After 10 minutes, the original waitress led us through the kitchen and out the side door to the cold air outside.

LATER THAT AFTERNOON

We found another tiny café and I had a couple of beers there while we wrote some quirky postcards to the boyz back home.

We bought some small groceries and champagne to drink at midnight.

Neither of us were really in the mood for going out into the cold, so Chase suggested I go down and ask if we could eat in the hotel's restaurant. One waitress spoke English. She told me that we could eat there. The 5 year old, daughter was adorable. The mom encouraged her to say "hello" in English. The girl timidly spoke the word, smiling.

About 20 minutes later, Chase and I took a seat and the waiter sat us and told us he was only serving desserts and salads.

Smiling, I told him that I had just talked with Mom Waitress and she said it would be ok for us to eat. I was not bitter about it. I just stated the fact. He went to check with her, and agreed that we could eat anything on the menu. Thanks, buddy. Thanks for giving us the opportunity to eat at your establishment. Appreciate it. Really.

"Mały chuda suka" (Chase's new Polish nickname) and I split an inexpensive bottle of Chilean wine. I had stuffed chicken with potato thingies. Very good.

We relaxed a bit in the hotel room, before Chase took another 2 hours to get ready. He's just like a woman.

NEW YEAR'S EVE FESTIVITIES

Our reservations for Klub 7 were at 9:00 pm, but we got there a bit later than that. Fortunately, the woman in the coat closet allowed us to check in the bottles of vodka and champagne, despite the fact that the bouncer said "no bottles." He wanted to "claim them" probably for his own usage.

We danced a bit then at 11:30, we left to walk to the main square.

Thankfully, it was not as busy as the year before. We stood in a nice place. Moments before midnight, we did a countdown, in Polish.

Then it was midnight. The sky filled with fireworks as we got splashed with champagne. Chase troubled himself with the champagne bottle for a few seconds before I grabbed it and pulled the top off.

With no other alternatives, I gave Chase a quick peck on the mouth.

We gulped down the entire bottle as the fireworks continued and people danced to the live rock music.

They make bottles of champagne increasingly smaller and smaller and before we knew it, it was gone. I promptly dropped my bottle of vodka, on accident. The glass was at my feet. I picked up some shards and discarded them.

BACK AT KLUB 7

We walked back to the club and there were more people there. We danced and drank. A crazy-dancing dark haired guy danced with me for a bit. Chase, being a nelly little man wanted to go home. Go for it!

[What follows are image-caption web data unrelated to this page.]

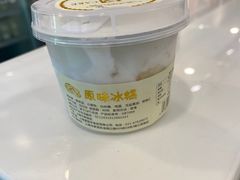 -老大昌(淮海中路店)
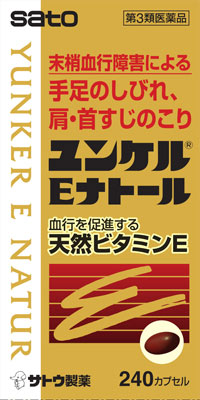 ユンケルEナトール 240cpの商品画像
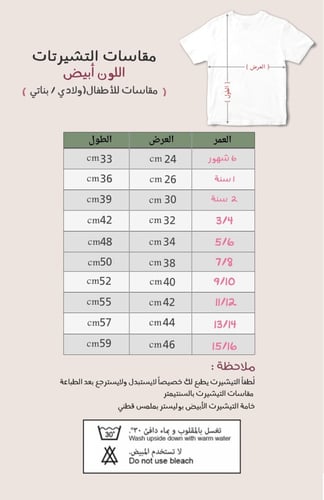 تيشيرت التأسيس (سعودي)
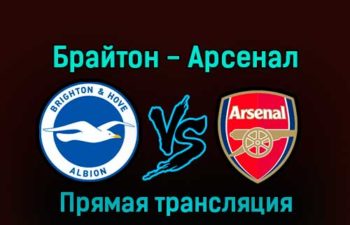 Брайтон — Арсенал 31 декабря 2022 года прямая трансляция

Dark haired guy brought me a beer and we embraced a bit and danced more. I must have been inappropriate at some point, as he suddenly left, frowning. He didn't speak a lick of English. I was fully drunk and it was past 2:30 am, so I decided to grab my coat and hit the road.

There were not so many taxis, so I decided to walk the 3 miles or so back to the hotel. People were walking about, even at 3:00 in the morning. Some Italian tourists wanted me to take a picture and I got a picture with the pretty Italian woman.

I managed to stagger back although I didn't find the hotel at first search. I woke Chase up at 3:30 am and was very obnoxious.